By Moya Lothian-McLean

7 years ago

Surprise - it’s beauty based.

Diversity in Hollywood has been placed under a particularly harsh spotlight over the past 12 months. Between the #MeToo movement and a wave of high-profile pushes for racial and gender equality in the film industry, the entertainment world has undergone visceral change. The problems, of course, are far from being resolved permanently. But when an actress can sit in an interview and openly decry the amount the lack of diversity among the crew producing the segment – and rightfully receive widespread applause – it’s a noticeable shift.

But there’s another barrier preventing the faces we see in films from reflecting the world around us, a top director has declared. And it’s beauty that’s the beast here.

“Looks are more taboo than gender or race,” said Susanne Bier, the Danish director behind 2016’s award-winning BBC One thriller The Night Manager, in an interview to promote her new film, Bird Box.

“If I suggest actors or actresses with unusual looks, I have a much harder time getting them through than anyone else,” she added.

Beauty standards in Hollywood are famously exacting, and as cosmetic technology has become more advanced, they’ve only become more rigorous. So engrained is the idea of ‘perfection’ in the films and television we watch that objectively conventionally beautiful individuals – such as Meghan Markle and Jessica Chastain– are regularly told they are not ‘pretty enough’ to succeed in the industry. 

And Bier – whose work has earned her just one letter short of an EGOT – says the coded way these requirements are expressed makes it a struggle to call them out.
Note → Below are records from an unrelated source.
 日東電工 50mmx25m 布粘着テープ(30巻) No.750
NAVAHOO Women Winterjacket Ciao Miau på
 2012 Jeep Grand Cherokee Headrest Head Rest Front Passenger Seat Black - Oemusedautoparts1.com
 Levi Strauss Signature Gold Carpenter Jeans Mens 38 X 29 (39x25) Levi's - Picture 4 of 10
“It’s difficult to talk about because you don’t get a straight answer,” she noted. “You’re not going to get a studio head that says ‘We don’t think this person is beautiful enough’. You get all sorts of strange answers. But that is the reason. There’s no doubt that that is the one taboo which is very hard to overcome.” 
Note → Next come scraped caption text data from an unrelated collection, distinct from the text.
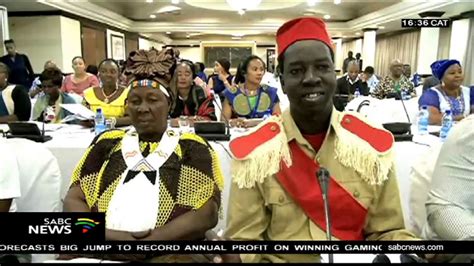 Traditional Leaders Including Kings Queens Chiefs Meet In Malawi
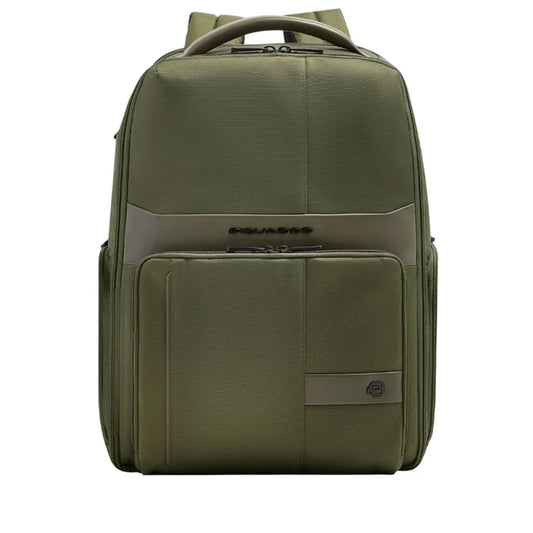 Zaino portacomputer 14" in tessuto e pelle "Wollem" Piquadro (disponibile in cinque colori)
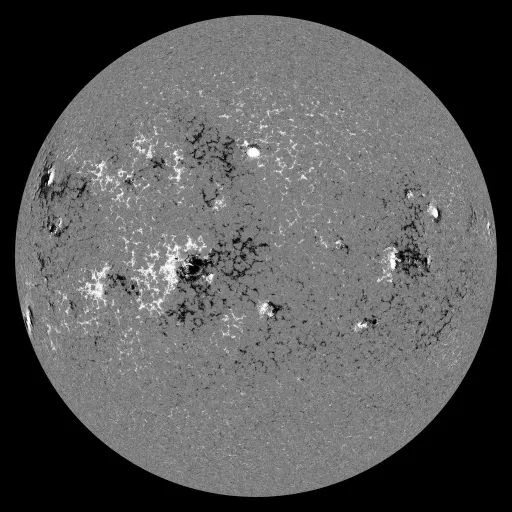 Solar Magnetic Fields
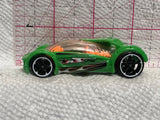 Green Iridium 2014 Hot Wheels Diecast Car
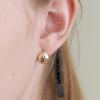 Primaute Signature Ball Earring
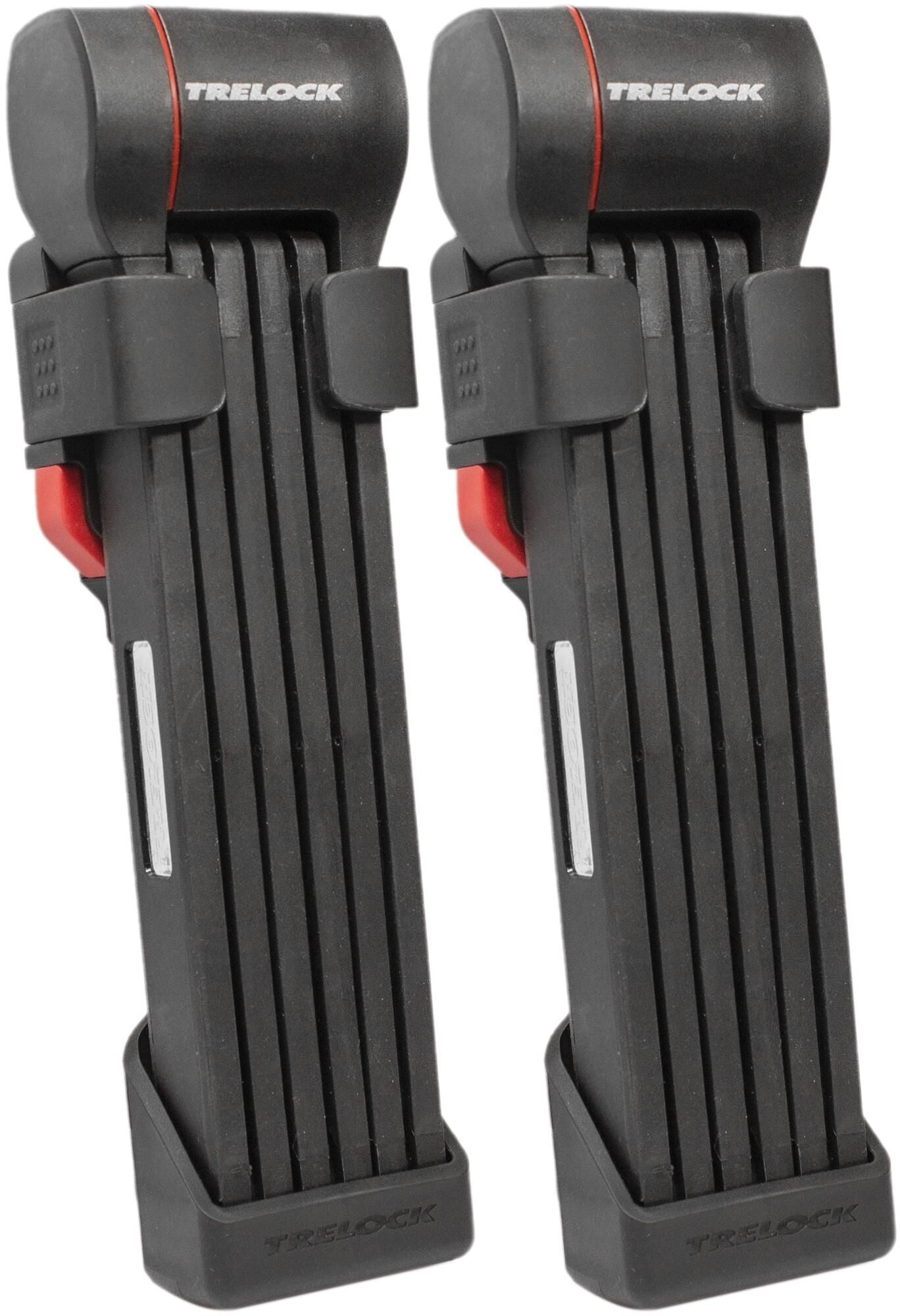Trelock FS 480 Antivols pliants Cops 100cm Twin-set (2 antivols) bl.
And part of the problem may lie with us. Bier believes that audience demand to see beautiful, shiny people on screen is creating a Catch-22 problem whereby studios are acquiescing to what they believe are consumer demands, and only casting traditionally attractive actors. But the lack of beauty diversity means that audiences don’t have a choice – and can’t demonstrate their preference for anything else.

We’ve seen similar situations before. Previously, a dearth of female-fronted films was excused because it was believed audiences wouldn’t support the ventures. But when Hollywood began taking a ‘chance’ on those projects, they quickly outperformed male counterparts at the box office.  

Bier predicts that it’s the new wave of projects that place women front-and-centre that will be responsible for a change in attitudes to beauty – as well as bringing female characters with more depth to our screens.

“We are going to see a more complex description of humanity with more female directors,” she added.

“Female characters have been for too long a sort of love interest, a function of a main male character, whether a mother, a daughter, a girlfriend. There’s no doubt that male characters are way more nuanced and complex than female characters.”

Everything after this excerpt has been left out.